# Dog pee damaged hardwood floor



## BroRage (Dec 19, 2011)

HI, 

I have rugs on my hardwood floor. One day, I lift my rug for cleaning and found that my dog urinate soaked through the rug and damaged my floor. There is a black color around the hardwood piece. On the piece, the surface is not smooth anymore, I guess it is warped now. Here are my questions.

1. for just the appearance, how can I get rid of the black color around the hardword piece? So it does not constantly reminded me that my dogs are killing me.

2. How does this type of damage really get repaired? Do I need to called an expert? How much does it cost to repair?

Any advice would be greatly appreciated. and yes, my dogs need more training.

Thanks


----------



## isola96 (Dec 19, 2011)

Post a pic, unfortunately damage is done replace the effected pieces is the best way to fix it.... Or u can buff the area and use a wood stain but it will never look right again. 3rd you will have to leave a rug there.


----------



## 1jackguy (Dec 20, 2011)

lowe's has a product call rine-gone works greats


----------



## BroRage (Dec 21, 2011)

Here are the pics. I found 3 areas when I lifted the two rugs.


----------



## SnellExperts (Dec 21, 2011)

1jackguy said:


> lowe's has a product call rine-gone works greats



Does it actually work for fixing it?
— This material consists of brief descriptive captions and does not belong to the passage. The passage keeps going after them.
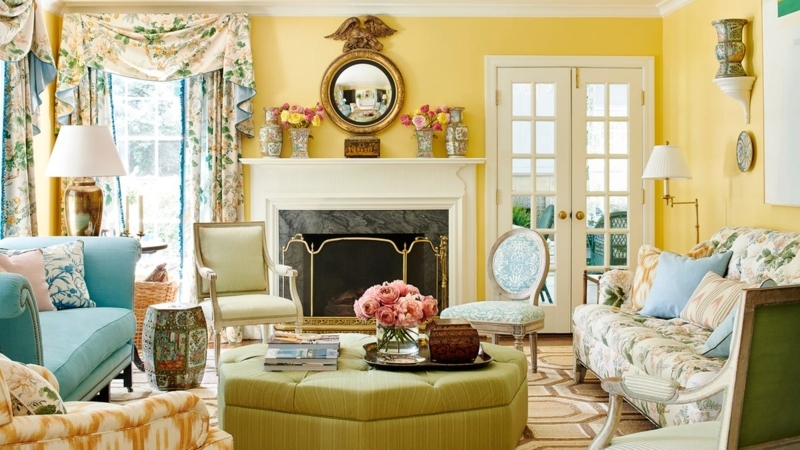 Sofa Yellow Tufted Upholstery Transitional Black Window Frames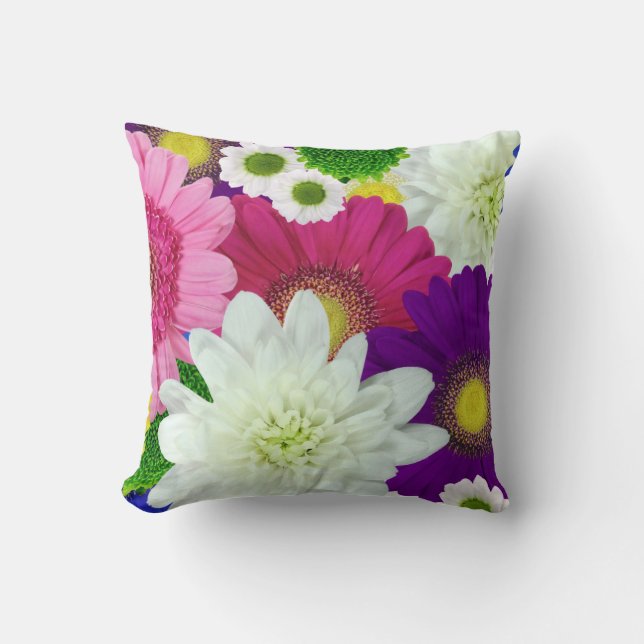 Colourful Daisies, summer blooms, Cushion (Front)
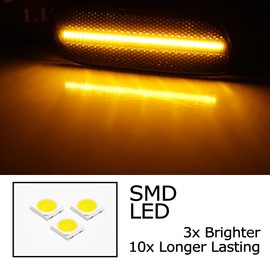 iJDMTOY Black-Out Smoked Lens 30-SMD Amber Full LED Strip Front Bumper Side Marker Light Kit Compatible With Lexus 1992-2000 SC300 SC400, Replace OEM Amber Front Sidemarkers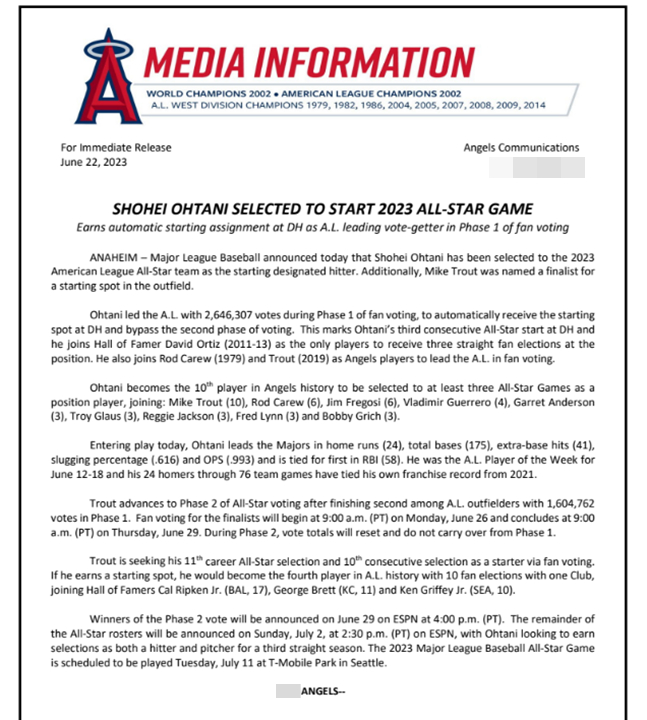 오타니의 올스타전 리그 1위 소식을 알리는 보도자료.  /사진=LA 에인절스 구단 제공
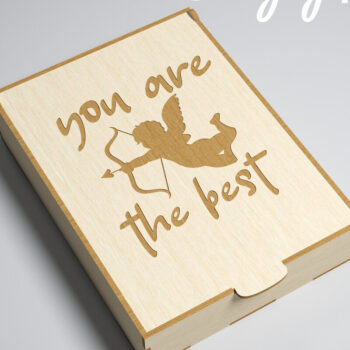 Intra απο ξύλο plywood 3mm-4mm πάχος – Ημέρα του Αγίου Βαλεντίνου. 3D κουτί δώρου. Μπομπονιέρα Δίασταση  20x20 cm INTRAFABR-83086002 - Image 1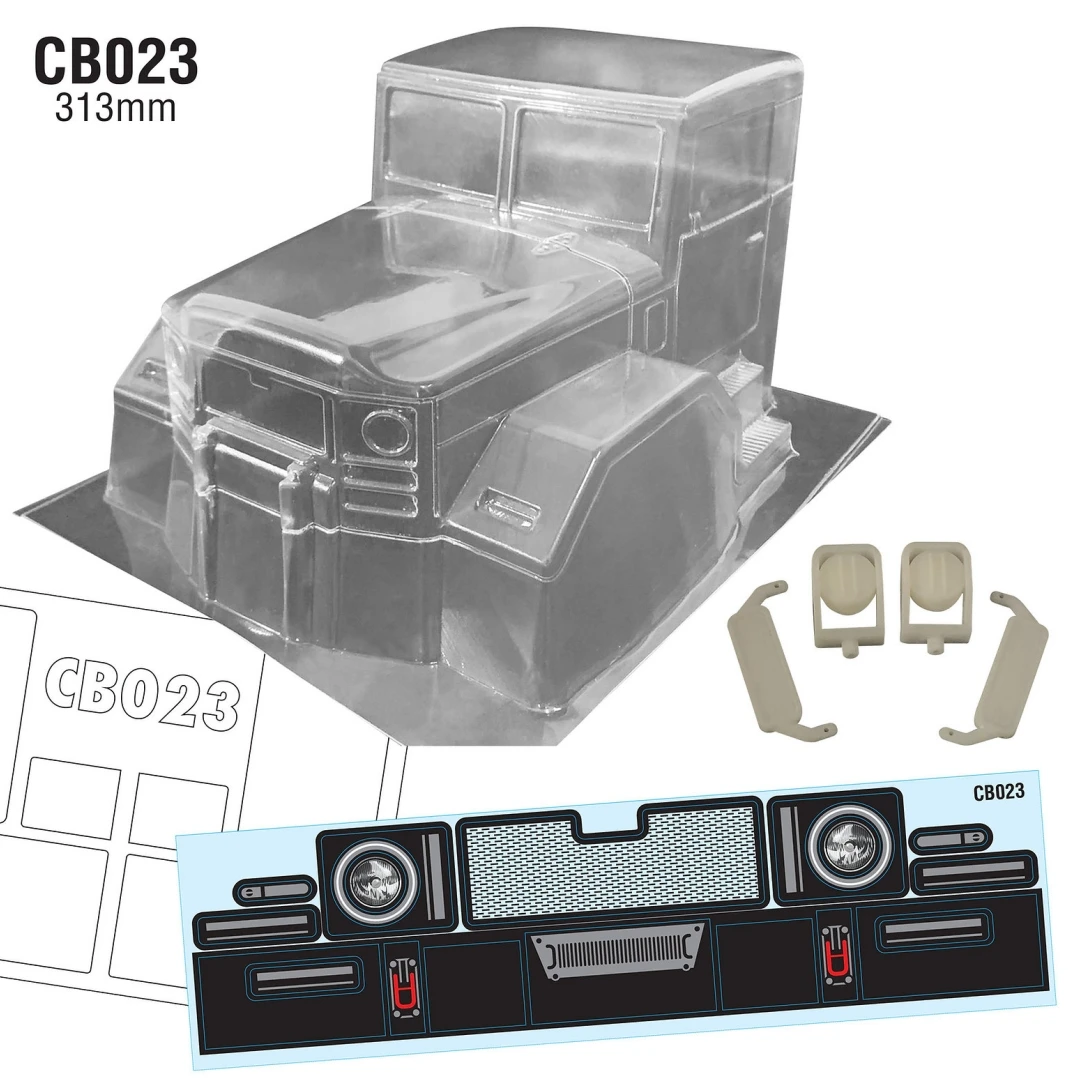 CB023 1/10 Crawler Truck Head Clear Lexan Body, 313mm Wheelbase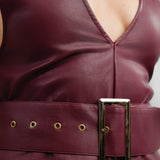 Miss Selfridge Belted Faux Leather Pinny Dress In Burgundy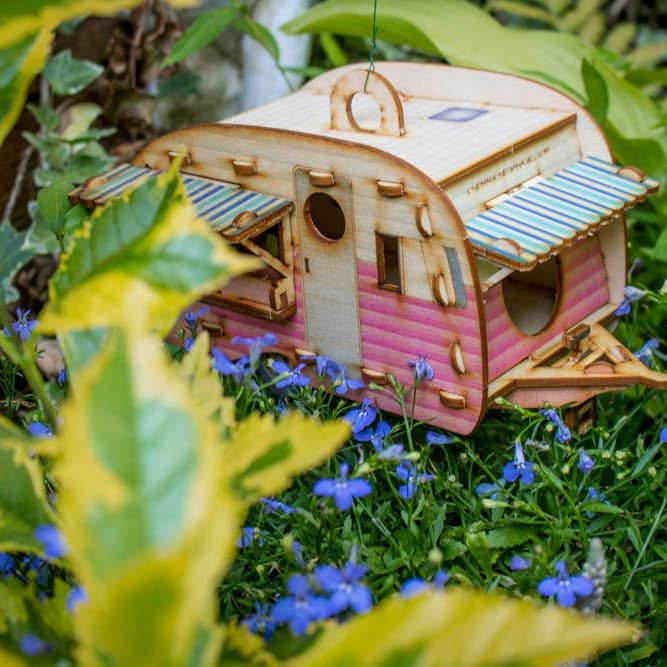 One Man One Garage - Wholesale Bird House - Vintage Camper Bird House Scale model playset you can build and use! Bring back the love of travel!6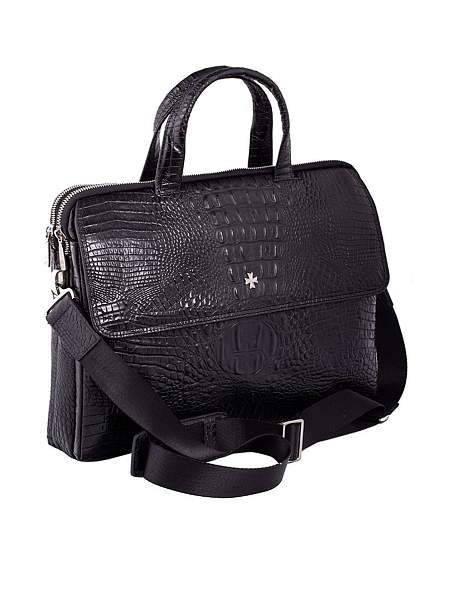 Портфель-сумка NARVIN 9759-Bambino Black из натуральной кожи Vasheron, Артикул: 9759-Bambino Black фото №1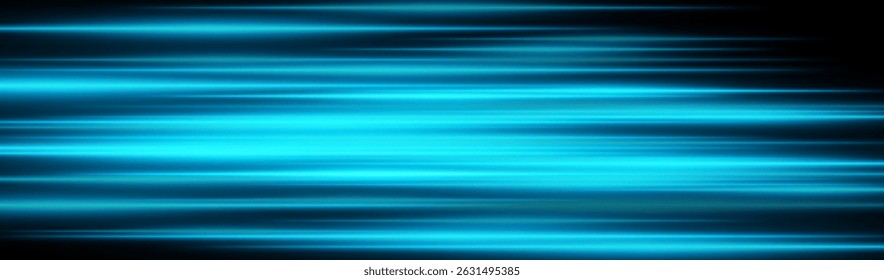 Blue velocity blur. Horizontal streaks with neon glow and intense speed effect on dark background. Perfect for sci-fi, tech, motion, energy visuals, fast concept.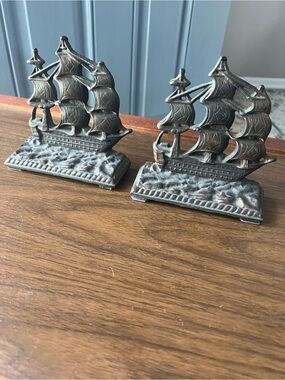 Vintage Cast Iron Constitution Ship Bookends in Antique Bronze Finish
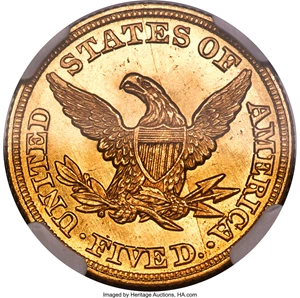 image for: 1846 $5 Large Date MS64★ NGC....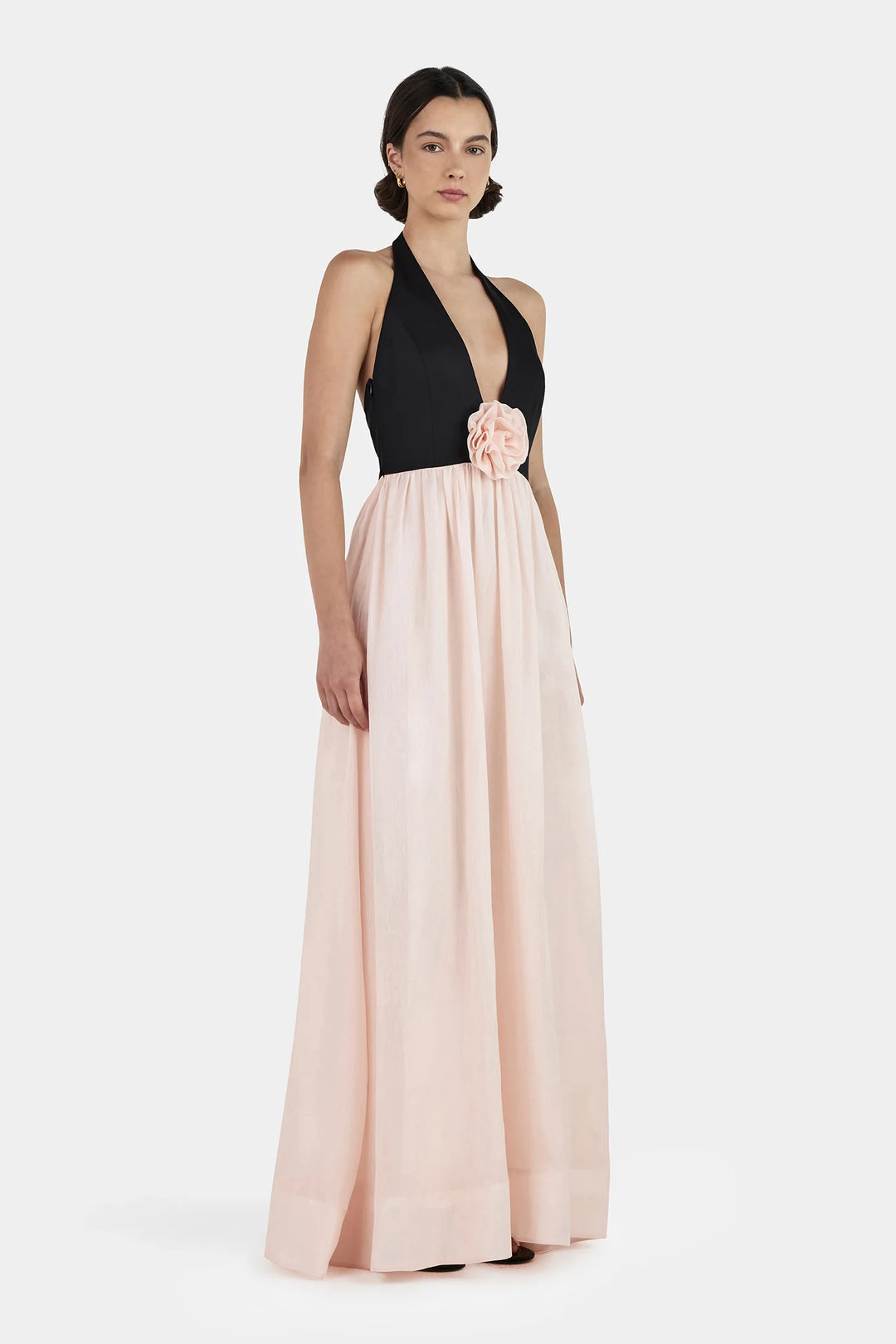 Calla Maxi Dress Black/ Pink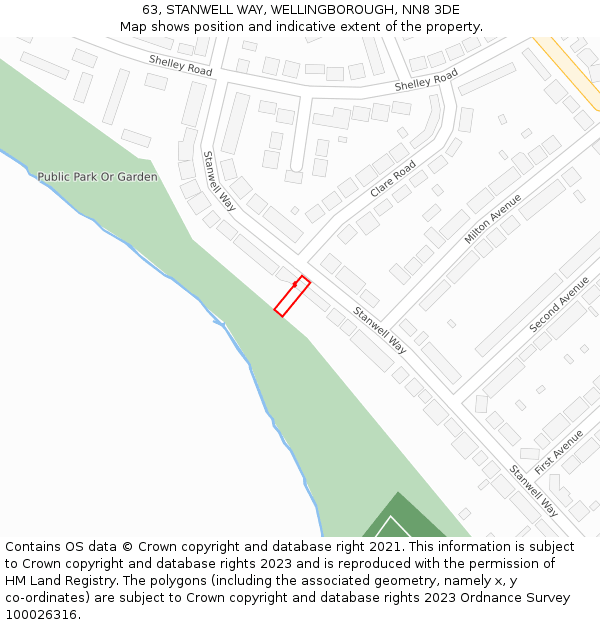 63, STANWELL WAY, WELLINGBOROUGH, NN8 3DE: Location map and indicative extent of plot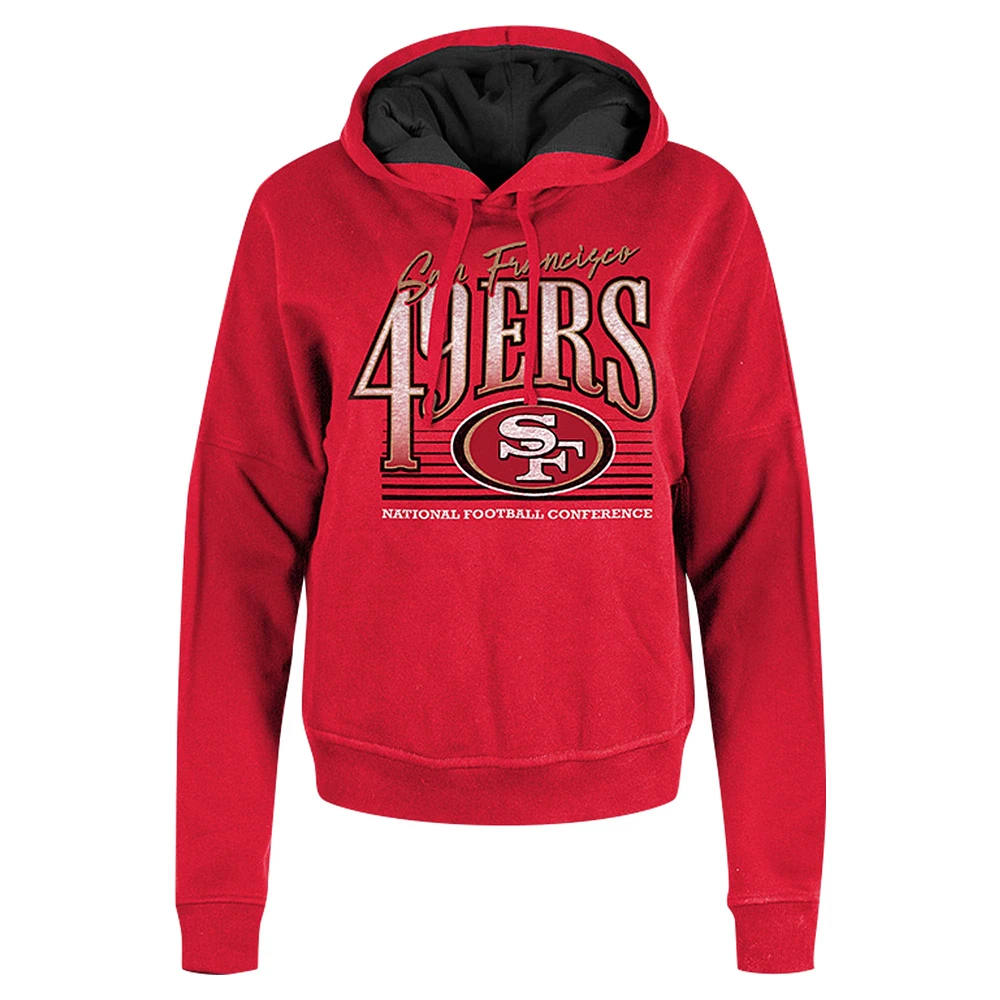 Sweat à capuche enfiler New Era Scarlet San Francisco 49ers Boxy pour femme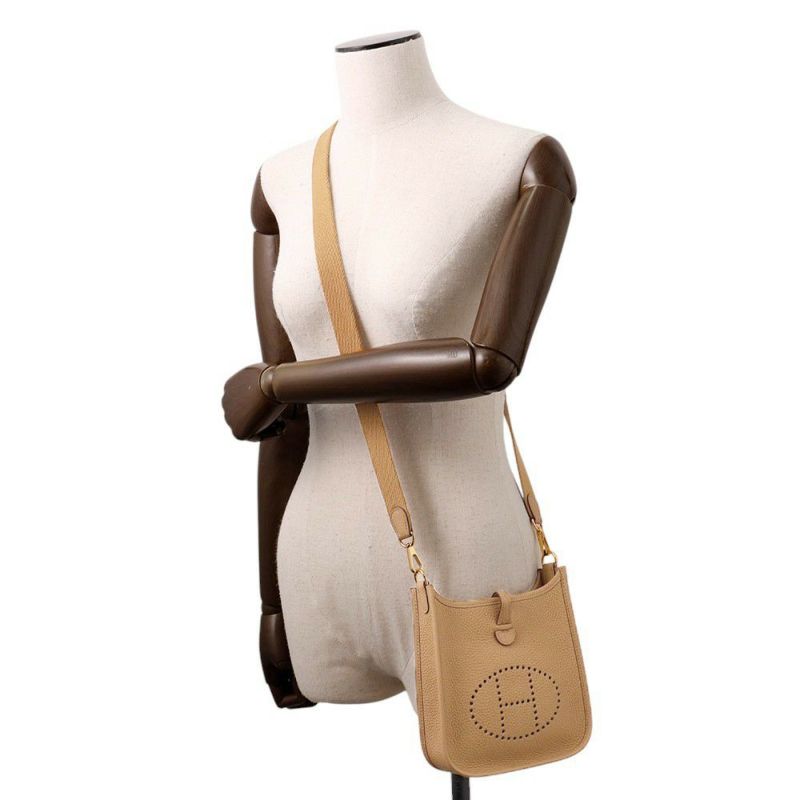 エルメス ショルダーバッグ エブリンTPM 111cm ビスキュイ/ゴールド金具 トリヨンクレマンス B刻印 HERMES Evelyne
I have always thought with urine damage on hard wood floors that you basically had to replace the damage pieces like the guy above you was saying.


----------



## isola96 (Dec 21, 2011)

It doesn't look that bad should work or try it out 1st won't hurt any.


----------



## BroRage (Dec 22, 2011)

I'll go to Lowes this weekend and get the Urine Gone and try it out.


----------



## SnellExperts (Dec 26, 2011)

I need to take pictures of the floor in our office from the dogs that the previous owners had. Its a pretty big black spot. Will see if I can get some pictures posted soon.


----------